Archived

This repository has been archived on 2026-05-20. You can view files and clone it. You cannot open issues or pull requests or push a commit.

Files

Luna 5122d416e8

python-syntax / syntax-check (push) Successful in 7s

Details

feat(wait): add structured wait endpoint

2026-05-01 15:55:29 +02:00

10 KiB

Raw Blame History

API Reference (v0.1)

Base URL: http://127.0.0.1:8123

If CLICKTHROUGH_TOKEN is set, include header:

x-clickthrough-token: <token>

`GET /health`

Returns status and runtime safety flags, including exec capability config.

`GET /displays`

Returns detected displays in API screen order.

{
  "ok": true,
  "default_screen": 0,
  "displays": [
    {"screen": 0, "mss_index": 1, "primary": true, "x": 0, "y": 0, "width": 1920, "height": 1080},
    {"screen": 1, "mss_index": 2, "primary": false, "x": 1920, "y": 0, "width": 1920, "height": 1080}
  ]
}

screen is zero-based. screen=0 is the primary display when detectable, falling back to the first monitor reported by the capture backend. Invalid screen values fall back to 0.

`GET /screen`

Query params:

screen (int, default 0) — zero-based display selector; invalid values fall back to 0
with_grid (bool, default true)
grid_rows (int, default env or 12)
grid_cols (int, default env or 12)
include_labels (bool, default true)
image_format (png|jpeg, default png)
jpeg_quality (1-100, default 85)
asImage (bool, default false) - if true, return raw image bytes only (image/png or image/jpeg)

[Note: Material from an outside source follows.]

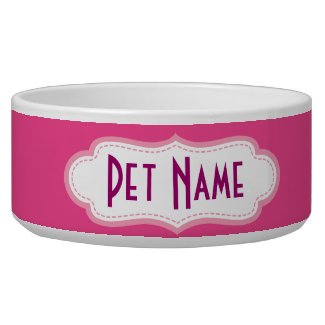 Custom Pet Name Pink Food or Water Dish Dog Food Bowls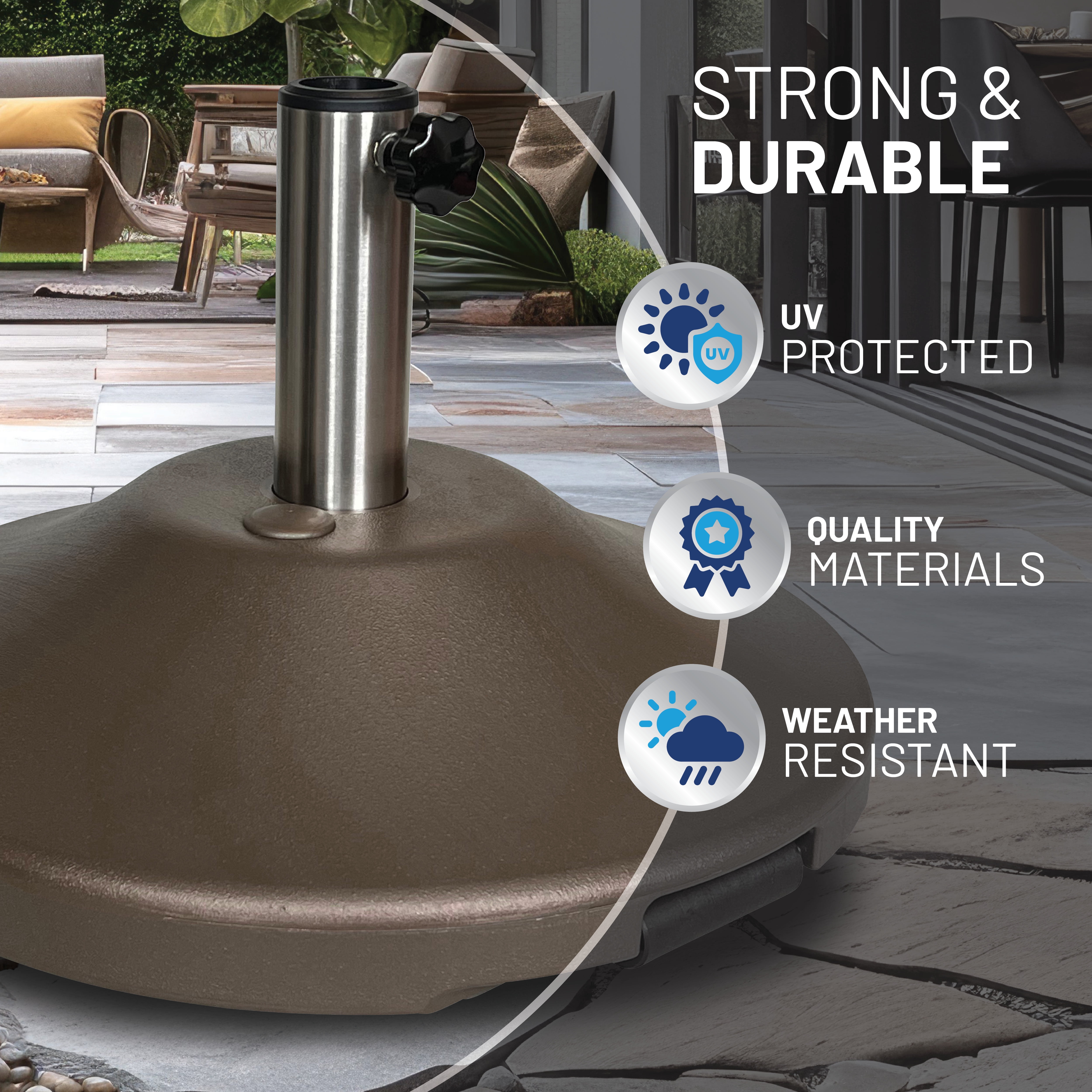 US Weight Premium 50 Pound Prefilled Umbrella Base for Patio Table - Bronze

Default response includes base64 image and metadata (meta.region, meta.screen, meta.displays, optional meta.grid). meta.region uses global desktop coordinates.

`POST /zoom`

Body:

{
  "center_x": 1200,
  "center_y": 700,
  "width": 500,
  "height": 350,
  "with_grid": true,
  "grid_rows": 20,
  "grid_cols": 20,
  "include_labels": true,
  "image_format": "png",
  "jpeg_quality": 90
}

Query params:

screen (int, default 0) - zero-based display selector; invalid values fall back to 0
asImage (bool, default false) - if true, return raw image bytes only (image/png or image/jpeg)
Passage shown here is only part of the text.